September 2000
Special Report

Major reserve increase obtained by dewatering high-water-saturation reservoirs

New Dominion, L.L.C. has taken a bolder approach to developing major new reserves in exhausted oil and gas fields.


September 2000 Supplement 
Case Study 

PTD

Major reserve increase obtained by dewatering high-water-saturation reservoirs

David Chernicky, New Dominion, L.L.C., Tulsa, Okla.

Bottom line. New Dominion, L.L.C. has taken a bolder approach to developing major new reserves in exhausted oil and gas fields. By applying technology now accepted in coalbed methane production to very extensive, high-water-saturation oil and gas fields, reserves previously considered uneconomic have become profitable.

Background. From its beginning in 1998, New Dominion, L.L.C. (NDL) has been focused on producing high-water-saturation reservoirs, such as the Hunton limestone in central Oklahoma. The Hunton is quite heterogeneous, producing by partial water drive. Except for selected wells on structural highs, wells encounter thick, but typically high-water-saturation zones. Wells in this environment had been conventionally produced and typically abandoned, or bypassed entirely, because of high water production and the economic factors associated with the same.

However, New Dominion’s experience has proven that systematic dewatering of the entire reservoir, not just individual wells, results in synergistic interaction among wells, leading to decreasing water:oil ratio (WOR) as field development occurs.
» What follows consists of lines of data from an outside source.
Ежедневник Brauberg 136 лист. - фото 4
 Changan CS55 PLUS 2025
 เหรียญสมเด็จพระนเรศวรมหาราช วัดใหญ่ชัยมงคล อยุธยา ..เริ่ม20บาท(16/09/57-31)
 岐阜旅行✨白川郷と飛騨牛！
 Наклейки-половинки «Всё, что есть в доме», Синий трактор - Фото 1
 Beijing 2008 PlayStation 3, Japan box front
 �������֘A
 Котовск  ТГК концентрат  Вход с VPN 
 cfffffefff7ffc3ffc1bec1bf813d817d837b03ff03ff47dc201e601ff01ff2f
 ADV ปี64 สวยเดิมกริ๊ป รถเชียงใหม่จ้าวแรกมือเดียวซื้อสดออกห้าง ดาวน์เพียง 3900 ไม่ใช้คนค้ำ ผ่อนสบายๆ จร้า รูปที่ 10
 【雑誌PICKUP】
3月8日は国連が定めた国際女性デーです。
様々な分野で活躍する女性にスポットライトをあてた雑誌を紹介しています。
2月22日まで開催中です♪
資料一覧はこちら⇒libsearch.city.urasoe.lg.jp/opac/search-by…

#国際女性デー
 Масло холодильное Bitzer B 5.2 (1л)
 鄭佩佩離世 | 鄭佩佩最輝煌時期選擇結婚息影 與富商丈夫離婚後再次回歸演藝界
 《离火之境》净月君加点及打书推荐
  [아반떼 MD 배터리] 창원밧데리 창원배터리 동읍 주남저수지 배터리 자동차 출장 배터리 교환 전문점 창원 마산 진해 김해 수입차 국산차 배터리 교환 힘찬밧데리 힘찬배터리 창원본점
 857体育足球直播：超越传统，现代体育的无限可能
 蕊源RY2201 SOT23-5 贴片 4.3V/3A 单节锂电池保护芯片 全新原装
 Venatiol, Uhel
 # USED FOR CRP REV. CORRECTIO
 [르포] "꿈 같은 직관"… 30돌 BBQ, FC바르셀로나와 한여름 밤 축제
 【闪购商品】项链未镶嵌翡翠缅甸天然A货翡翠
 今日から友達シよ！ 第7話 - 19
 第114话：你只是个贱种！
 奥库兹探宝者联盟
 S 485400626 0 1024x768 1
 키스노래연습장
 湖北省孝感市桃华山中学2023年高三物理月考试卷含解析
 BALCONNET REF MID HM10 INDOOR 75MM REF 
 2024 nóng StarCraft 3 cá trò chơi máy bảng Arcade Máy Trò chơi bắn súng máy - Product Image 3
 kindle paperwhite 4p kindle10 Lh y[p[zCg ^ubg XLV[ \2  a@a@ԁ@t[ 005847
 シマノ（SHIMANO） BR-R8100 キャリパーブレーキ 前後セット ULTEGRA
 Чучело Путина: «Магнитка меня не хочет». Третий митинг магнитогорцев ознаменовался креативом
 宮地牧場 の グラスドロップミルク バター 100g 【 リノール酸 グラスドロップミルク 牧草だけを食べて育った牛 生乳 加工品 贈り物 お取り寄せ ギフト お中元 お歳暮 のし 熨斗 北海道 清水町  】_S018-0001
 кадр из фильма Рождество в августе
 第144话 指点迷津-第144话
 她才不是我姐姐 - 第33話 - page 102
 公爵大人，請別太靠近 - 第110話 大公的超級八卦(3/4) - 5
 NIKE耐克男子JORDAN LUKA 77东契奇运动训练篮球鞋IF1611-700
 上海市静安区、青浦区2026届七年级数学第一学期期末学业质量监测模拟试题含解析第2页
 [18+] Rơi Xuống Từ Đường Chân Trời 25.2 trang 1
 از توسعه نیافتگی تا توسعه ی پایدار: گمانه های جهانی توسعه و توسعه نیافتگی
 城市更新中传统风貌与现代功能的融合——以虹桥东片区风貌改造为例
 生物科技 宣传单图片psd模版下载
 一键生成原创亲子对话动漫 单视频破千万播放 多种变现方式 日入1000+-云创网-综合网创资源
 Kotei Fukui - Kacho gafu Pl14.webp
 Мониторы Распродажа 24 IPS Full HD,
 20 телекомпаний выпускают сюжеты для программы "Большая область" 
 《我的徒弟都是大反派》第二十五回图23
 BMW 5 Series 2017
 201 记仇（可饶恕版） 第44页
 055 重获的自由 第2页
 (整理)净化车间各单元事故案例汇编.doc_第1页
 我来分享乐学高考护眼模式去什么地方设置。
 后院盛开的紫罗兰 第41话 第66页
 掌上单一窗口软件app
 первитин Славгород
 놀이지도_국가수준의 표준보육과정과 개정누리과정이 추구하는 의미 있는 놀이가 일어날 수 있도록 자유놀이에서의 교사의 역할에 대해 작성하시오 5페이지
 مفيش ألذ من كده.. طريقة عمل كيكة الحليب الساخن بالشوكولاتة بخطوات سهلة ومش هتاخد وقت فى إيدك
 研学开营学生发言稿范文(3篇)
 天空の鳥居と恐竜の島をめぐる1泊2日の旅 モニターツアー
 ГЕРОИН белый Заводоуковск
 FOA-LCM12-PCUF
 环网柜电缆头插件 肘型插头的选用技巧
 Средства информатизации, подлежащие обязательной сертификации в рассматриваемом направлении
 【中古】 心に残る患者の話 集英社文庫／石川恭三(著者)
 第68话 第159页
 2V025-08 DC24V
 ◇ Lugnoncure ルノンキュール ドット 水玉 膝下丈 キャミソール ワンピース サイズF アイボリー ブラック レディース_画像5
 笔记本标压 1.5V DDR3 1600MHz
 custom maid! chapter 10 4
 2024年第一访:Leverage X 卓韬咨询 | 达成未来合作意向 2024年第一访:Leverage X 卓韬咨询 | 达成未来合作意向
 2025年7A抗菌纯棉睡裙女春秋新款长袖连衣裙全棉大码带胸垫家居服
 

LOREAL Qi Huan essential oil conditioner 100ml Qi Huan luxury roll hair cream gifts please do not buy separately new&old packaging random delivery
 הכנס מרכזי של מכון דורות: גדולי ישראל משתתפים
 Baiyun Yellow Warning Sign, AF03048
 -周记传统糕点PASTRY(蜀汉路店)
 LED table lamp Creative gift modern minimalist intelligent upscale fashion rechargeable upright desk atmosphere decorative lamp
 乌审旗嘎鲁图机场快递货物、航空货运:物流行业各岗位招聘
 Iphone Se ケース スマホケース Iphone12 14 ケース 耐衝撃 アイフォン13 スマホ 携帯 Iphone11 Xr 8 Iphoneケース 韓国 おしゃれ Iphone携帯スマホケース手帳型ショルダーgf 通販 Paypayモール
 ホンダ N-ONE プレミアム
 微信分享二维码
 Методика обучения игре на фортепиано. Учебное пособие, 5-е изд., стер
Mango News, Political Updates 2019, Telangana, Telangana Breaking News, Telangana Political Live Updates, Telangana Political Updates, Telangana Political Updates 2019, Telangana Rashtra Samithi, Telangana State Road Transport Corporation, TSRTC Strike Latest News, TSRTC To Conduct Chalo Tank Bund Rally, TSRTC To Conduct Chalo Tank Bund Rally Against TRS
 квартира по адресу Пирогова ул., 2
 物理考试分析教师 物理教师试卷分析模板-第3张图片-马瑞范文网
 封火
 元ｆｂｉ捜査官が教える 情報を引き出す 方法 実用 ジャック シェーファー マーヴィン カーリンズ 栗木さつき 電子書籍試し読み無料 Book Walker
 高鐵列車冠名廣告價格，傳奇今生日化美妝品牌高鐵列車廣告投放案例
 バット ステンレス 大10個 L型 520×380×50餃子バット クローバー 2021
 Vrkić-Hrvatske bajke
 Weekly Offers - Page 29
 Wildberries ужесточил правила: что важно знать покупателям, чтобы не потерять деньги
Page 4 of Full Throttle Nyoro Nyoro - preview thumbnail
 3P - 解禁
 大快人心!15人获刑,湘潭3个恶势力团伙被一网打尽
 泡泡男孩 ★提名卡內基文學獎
Development of new reserves in this environment requires the following six essential components:

  • Correct geological assessment of the reservoir
  • Abundant and economic high-current, three-phase electrical power
  • A high-volume gas gathering and processing system, which is often nonexistent in the areas around these types of reservoirs.
  • An extensive and economic high-volume produced water disposal system
  • A large front-end capital investment to assure that enough wells are drilled in the initial phase to effect the synergistic interaction among the wells, which causes the producing water:oil ratio (WOR) to decrease markedly as field development continues
  • A well-trained and knowledgeable field staff to safely maintain a highly loaded and challenged mechanical system.

NDL installs all of the electrical, production water, gas and even oil distribution and collection infrastructure in advance of drilling production wells, which can produce up to 6,000 bfpd per well. Once initial production is established, NDL begins an intensive and systematic development drilling program to systematically dewater and produce the entire reservoir.

Identifying the reservoir. Fig. 1 depicts a portion of a field NDL developed in Lincoln County, Okla. This small area (4,800 acres) had experienced sporadic drilling over 30 years, which resulted in 31 penetrations of the Hunton limestone. Conventional production methods before New Dominion’s efforts had yielded only 37,552 bbl of oil and 482,901 Mcf of gas.

Fig 1

Fig. 1. This small, 4,800-ac area had yielded only 37,552 bbl of oil and 482,901 Mcf of gas. But after drilling or re-entering 28 wells and implementing a dewatering program, the operator developed proven recoverable reserves of 2.2 million bbl of oil and 16.2 Bcf of gas.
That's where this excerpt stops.